The number of shards can be specified upon creating a new index.

The following right-click options are available on any index:

  • *Update Number of Replicas - changes the number of replicated indexes (*only clustered instances)
  • Restore Index Snapshot - allows the upload of previous index snapshot
  • Download Index Snapshot - downloads a copy of the selected index
  • Deactivate Index (available on active indexes) - disables writing to the index
  • Close-Index - closing an index blocks it for read/write operations so it has nearly no overhead on the server
  • Open-Index - re-opening a closed index perform a normal index recovery process
  • Delete Index (available in inactive indexes) - removes the index
  • Clear Index - cleans the index to prepare for a restore

Clearing or de-activating a live index will display a popup warning message that site visibility may be affected, however, in the case of troubleshooting, these options provide the flexibility to “clean” an index before restoring a copy of that index.

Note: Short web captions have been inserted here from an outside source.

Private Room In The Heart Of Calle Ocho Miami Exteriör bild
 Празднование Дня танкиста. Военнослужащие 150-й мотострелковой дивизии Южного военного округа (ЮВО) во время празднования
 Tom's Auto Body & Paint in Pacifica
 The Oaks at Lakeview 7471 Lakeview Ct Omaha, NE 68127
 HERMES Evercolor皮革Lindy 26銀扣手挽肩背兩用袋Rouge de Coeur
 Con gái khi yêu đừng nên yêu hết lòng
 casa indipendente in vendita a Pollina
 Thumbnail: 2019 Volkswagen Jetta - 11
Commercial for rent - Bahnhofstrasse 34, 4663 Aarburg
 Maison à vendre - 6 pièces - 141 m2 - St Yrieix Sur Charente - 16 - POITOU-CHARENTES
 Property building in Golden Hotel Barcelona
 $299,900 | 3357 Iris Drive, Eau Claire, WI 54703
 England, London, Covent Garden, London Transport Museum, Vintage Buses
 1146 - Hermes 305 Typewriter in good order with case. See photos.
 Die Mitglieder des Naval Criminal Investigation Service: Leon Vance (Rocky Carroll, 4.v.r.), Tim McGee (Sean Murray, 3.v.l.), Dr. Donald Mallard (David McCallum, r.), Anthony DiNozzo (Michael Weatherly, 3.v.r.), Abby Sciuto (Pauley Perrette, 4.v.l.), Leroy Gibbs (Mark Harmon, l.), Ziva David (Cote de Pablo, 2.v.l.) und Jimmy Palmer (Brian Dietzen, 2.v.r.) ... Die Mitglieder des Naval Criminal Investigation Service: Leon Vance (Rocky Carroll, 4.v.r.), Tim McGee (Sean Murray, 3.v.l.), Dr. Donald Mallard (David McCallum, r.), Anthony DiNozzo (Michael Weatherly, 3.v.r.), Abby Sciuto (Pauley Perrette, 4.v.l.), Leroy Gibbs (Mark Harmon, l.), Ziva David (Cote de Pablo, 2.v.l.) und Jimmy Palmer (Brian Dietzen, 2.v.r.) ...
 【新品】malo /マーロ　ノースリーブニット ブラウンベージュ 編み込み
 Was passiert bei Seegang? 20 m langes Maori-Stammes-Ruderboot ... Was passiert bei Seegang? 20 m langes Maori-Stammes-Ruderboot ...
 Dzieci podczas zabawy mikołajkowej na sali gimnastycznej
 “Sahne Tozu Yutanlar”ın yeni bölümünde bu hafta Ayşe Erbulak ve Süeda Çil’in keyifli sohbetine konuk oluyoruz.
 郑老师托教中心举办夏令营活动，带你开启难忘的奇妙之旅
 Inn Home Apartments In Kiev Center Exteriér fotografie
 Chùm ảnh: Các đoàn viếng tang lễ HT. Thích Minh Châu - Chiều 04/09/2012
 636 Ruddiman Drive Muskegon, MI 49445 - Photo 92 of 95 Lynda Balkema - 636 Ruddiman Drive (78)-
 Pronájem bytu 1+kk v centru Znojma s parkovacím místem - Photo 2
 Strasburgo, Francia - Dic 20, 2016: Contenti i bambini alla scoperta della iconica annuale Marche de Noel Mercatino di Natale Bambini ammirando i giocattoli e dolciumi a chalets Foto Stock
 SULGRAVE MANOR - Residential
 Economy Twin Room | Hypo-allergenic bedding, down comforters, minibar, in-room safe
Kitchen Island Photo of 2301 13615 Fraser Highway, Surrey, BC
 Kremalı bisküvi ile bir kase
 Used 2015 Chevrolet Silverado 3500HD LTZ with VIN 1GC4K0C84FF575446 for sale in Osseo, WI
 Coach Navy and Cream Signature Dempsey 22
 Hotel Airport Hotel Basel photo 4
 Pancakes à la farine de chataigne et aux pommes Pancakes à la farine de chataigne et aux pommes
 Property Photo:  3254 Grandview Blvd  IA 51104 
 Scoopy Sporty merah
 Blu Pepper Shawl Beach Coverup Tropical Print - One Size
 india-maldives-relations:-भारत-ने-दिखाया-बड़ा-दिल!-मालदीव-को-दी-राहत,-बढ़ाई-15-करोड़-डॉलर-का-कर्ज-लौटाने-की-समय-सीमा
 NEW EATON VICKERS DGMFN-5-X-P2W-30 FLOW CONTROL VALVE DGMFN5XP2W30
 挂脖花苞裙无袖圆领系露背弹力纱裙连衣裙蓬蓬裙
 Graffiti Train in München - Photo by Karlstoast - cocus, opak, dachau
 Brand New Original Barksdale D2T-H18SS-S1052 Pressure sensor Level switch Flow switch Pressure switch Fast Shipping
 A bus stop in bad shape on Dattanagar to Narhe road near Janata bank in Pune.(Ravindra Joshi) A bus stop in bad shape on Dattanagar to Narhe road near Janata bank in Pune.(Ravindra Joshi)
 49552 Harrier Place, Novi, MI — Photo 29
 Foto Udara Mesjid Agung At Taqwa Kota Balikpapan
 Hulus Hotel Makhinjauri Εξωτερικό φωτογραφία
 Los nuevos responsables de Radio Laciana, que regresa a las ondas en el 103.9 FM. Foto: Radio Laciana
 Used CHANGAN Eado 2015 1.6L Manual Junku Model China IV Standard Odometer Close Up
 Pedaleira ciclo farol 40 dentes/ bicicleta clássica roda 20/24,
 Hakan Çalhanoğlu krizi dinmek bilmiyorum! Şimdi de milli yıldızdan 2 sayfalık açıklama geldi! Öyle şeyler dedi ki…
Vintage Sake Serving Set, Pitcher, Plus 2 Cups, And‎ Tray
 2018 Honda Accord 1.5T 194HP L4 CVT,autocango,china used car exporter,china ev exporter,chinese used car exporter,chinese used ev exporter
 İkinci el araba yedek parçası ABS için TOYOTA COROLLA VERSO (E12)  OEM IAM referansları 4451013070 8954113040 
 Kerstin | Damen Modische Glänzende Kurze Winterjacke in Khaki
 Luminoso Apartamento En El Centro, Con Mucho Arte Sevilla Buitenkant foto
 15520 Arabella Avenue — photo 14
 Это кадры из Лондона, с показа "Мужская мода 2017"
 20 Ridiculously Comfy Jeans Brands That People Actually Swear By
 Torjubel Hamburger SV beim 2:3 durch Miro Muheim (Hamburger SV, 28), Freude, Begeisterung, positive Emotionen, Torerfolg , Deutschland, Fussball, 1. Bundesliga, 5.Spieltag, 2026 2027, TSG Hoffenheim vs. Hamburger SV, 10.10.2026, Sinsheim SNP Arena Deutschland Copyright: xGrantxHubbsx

This is a much faster and lighter resolution method than a complete site re-index.

Adding a Sharded Index

On click of the Add-Index button a new working/live index can be added and the number of shards for that index can be defined.  

For example:

Step 1) On click of the “Add-Index” button a new live/working index can be created

Step 2) When a new index is created the number of shards for that index can then be specified.

Step 3) The current live/working index can then be backed up with the “Download Index” and restored (“Restore Index”), into the new index that was created in step 1 using the right-click options shown below.

Important Note: Indexes do take up memory space. Unused/old indexes should be removed using the “Delete Index” right-click option.

Where do Sharded Indexes live?

Unless configred otherwise, index shards are stored in the /dotsecure/esdata/ directory from the root of dotCMS. One of the nice features of elastic search is that each shard can potentially be stored on a separate disk.

To configure a different location for the ElasticSearch indexes, you need to modify the property: DYNAMIC_CONTENT_PATH in your file (with a plugin, of course). 

Index Replicas (For Cluster Implementations Only)

Right-clicking on any index provides the option to “Update Number of Replicas” of that index.

Setting the proper number of replicas for dotCMS's ElasticSearch index can be confusing.
It is important to understand that the number of replicas does not equal the number of servers in your cluster - the number of replicas is how many times you want your index to be copied. For example, if you are running a two node cluster then you should have your ElasticSearch replicas set to “1”. This means that there is the original index entry on one server and “1” replica, or copy, on the other server, so both servers have a copy of all index entries.

The “rule of thumb” for the proper number of replicas is n-1 (n = number of servers in the cluster) where there are < 5 servers and ceiling(n /2) for clusters >= 5 servers.

For example:

2 servers = 1 replicas
4 servers = 3 replicas
7 servers = 4 replicas

When a new server is joined to the cluster (see cluster doc), ElasticSearch will recognize the server and begin replicating to it. When a server is taken down, the replicated index may display a “yellow” or inactive status if the number of nodes configured in the cluster does not at least match the number of replicated indexes.

The ElasticSearch index may even be configured to run as a “stand-alone” ElasticSearch server and connected to each node in a dotCMS cluster.